【長編】斬刃(きじん)の姫

ふろたん/月海 香

第一章

第一部

第1話『シオ、殺される』

 わかったのは、鈍く光る槍のような物が己の腹を貫いたこと。

シオ・タマカズラは痛みよりも熱さを腹部に感じていた。

そして己を庇って共に腹を貫かれた黒い鬼のような面を被った男が、一緒にコンクリートの上にゆっくり倒れる光景をシオはスロー映像のように見ていた。

いつものシフト終わり、夕飯の足しになればと買ったコンビニチキンと好きなチョコレートの小箱が枯葉のようにコンクリートに落ちる。

男は面の下で瞳孔を開いて、十八になって間もない少女が死にゆく様を悲痛な瞳で見ていた。

シオは、この槍が腹から抜けたら血が抜けてさぞ寒いのだろうと思うと同時に、この人も死んじゃうのかな? と、無意識に両の手のひらを男の頬に添えていた。

「泣かないで」

自分が死んでも泣かないで欲しい。思いを伝え切る前に、シオはコンクリートに背中を打ちつけ……意識は途切れた。
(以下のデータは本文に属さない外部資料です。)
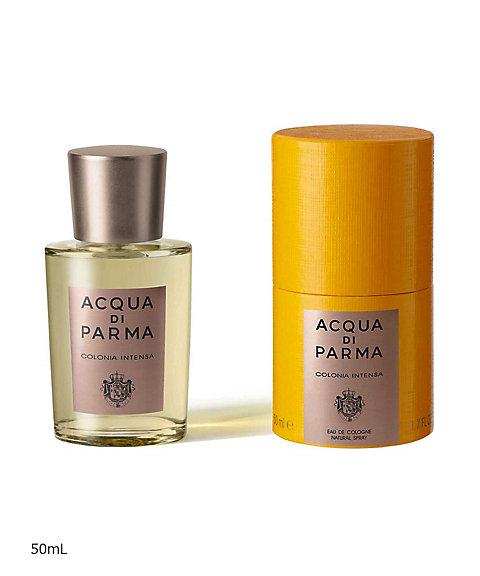 ACQUA DI PARMA（ACQUA DI PARMA） アクア ディ パルマ コロニア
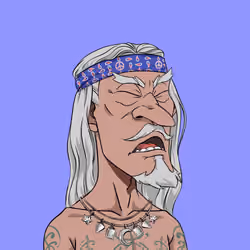 Wizard #2976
 次に見たのは、知らない天井だった。自分の部屋の丸いLEDではなくオフィスビルや病院にありがちな細長い電灯が見える。シオは瞬きを何度かして、自分の腹をまさぐってみる。

穴はない。ないが、鈍い痛みが残っている。

(生きてる……のかな?)

シオはそのまま頭を動かさず、廊下を何人もの人間が行き交う気配を感じ取った。

(病院にしてはガヤガヤしてると言うか……)

ふと誰かがシオが寝ている部屋の前で立ち止まった。

「様子はどう?」

「はっ、自分が朝見た限りでは変わりなく」

若い女性の声と部下らしき男性の声。シオは首を動かして左下に見える白い扉を見つめた。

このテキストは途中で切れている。